Housing market declines in April; NAHB predicts continued "evolving slowdown"
Both single and multifamily housing starts fell: single-family starts dropped 5.6 percent to a pace of 1.535 million units, while multifamily housing construction plummeted 15.1 percent to a seasonally adjusted rate of 314,000 units. The National Association of Home Builders said the declining market was a natural response to "evolving market conditions."
"The declines in starts and permits for April reflect a natural payback for the weather-related surge in production earlier in the year, as well as builder adjustments to eroding demand and rising inventories," said NAHB chief economist David Seiders. "We continue to believe that the evolving slowdown represents an orderly adjustment toward more sustainable levels of housing production, following the record surge in 2005 that was fueled by extraordinary demand for single-family homes and condo units by investors/speculators."
He added that NAHB is forecasting a 6.1 percent decline in total housing starts this year, as the market levels out from the equivalent increases last year.
The regional patterns of housing starts were mixed in April. Construction of new homes and apartments rose 9.1 percent in the Northeast and 16.3 percent in the Midwest, in both cases following sizeable declines in March. Housing starts were down 16.0 percent in the South and 9.7 percent in the West.

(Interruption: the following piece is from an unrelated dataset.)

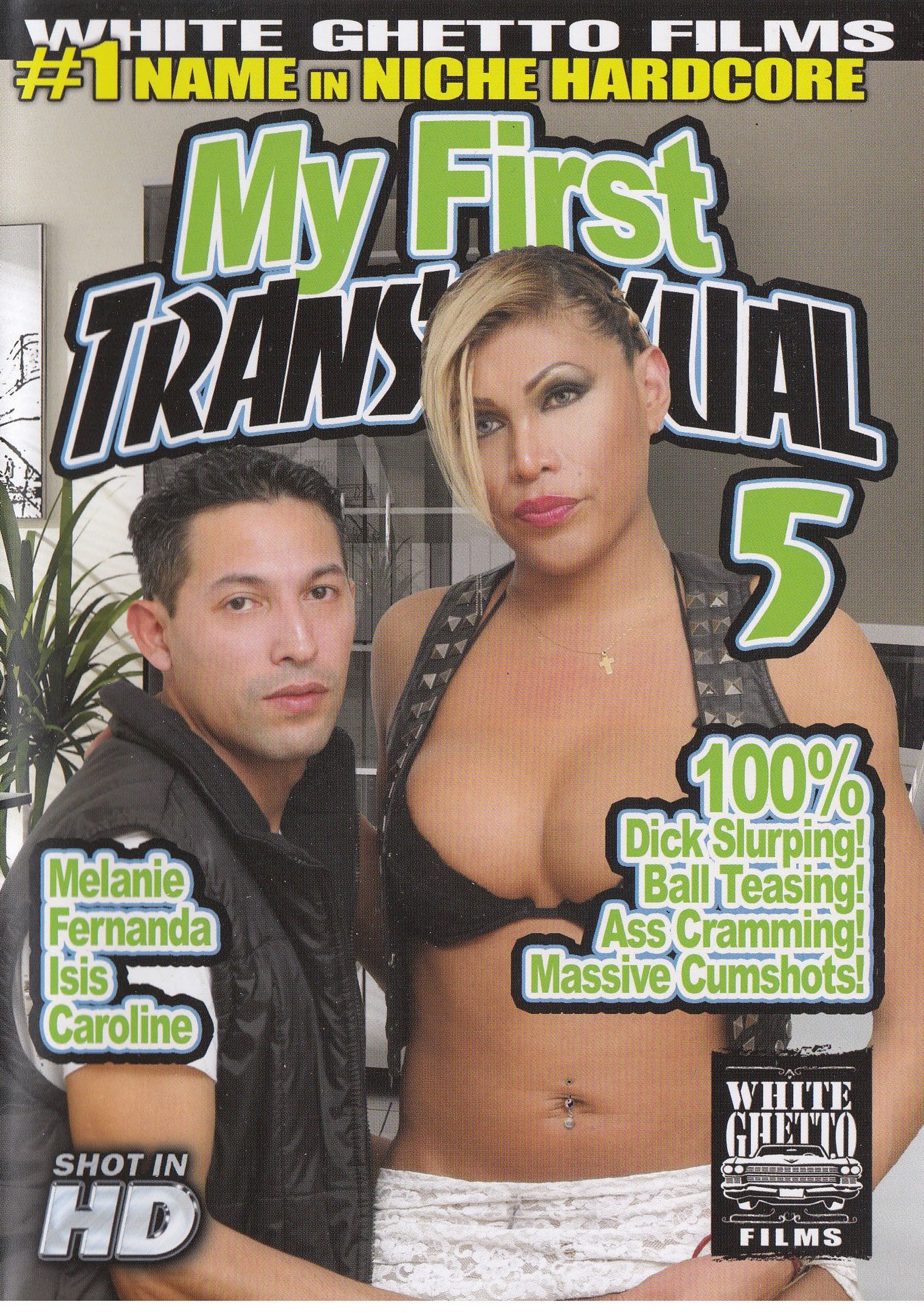 My First Transexual 5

Issuance of total building permits decreased 5.4 percent in April to a seasonably adjusted annual rate of 1.984 million units, reflecting sizeable declines in the Northeast, Midwest and South along with a small increase in the West. Single family permit issuance was down 4.0 percent on a national basis to a pace of 1.502 million units. The pace of multifamily permit issuance dipped 9.4 percent to a pace of 482,000 units for the month.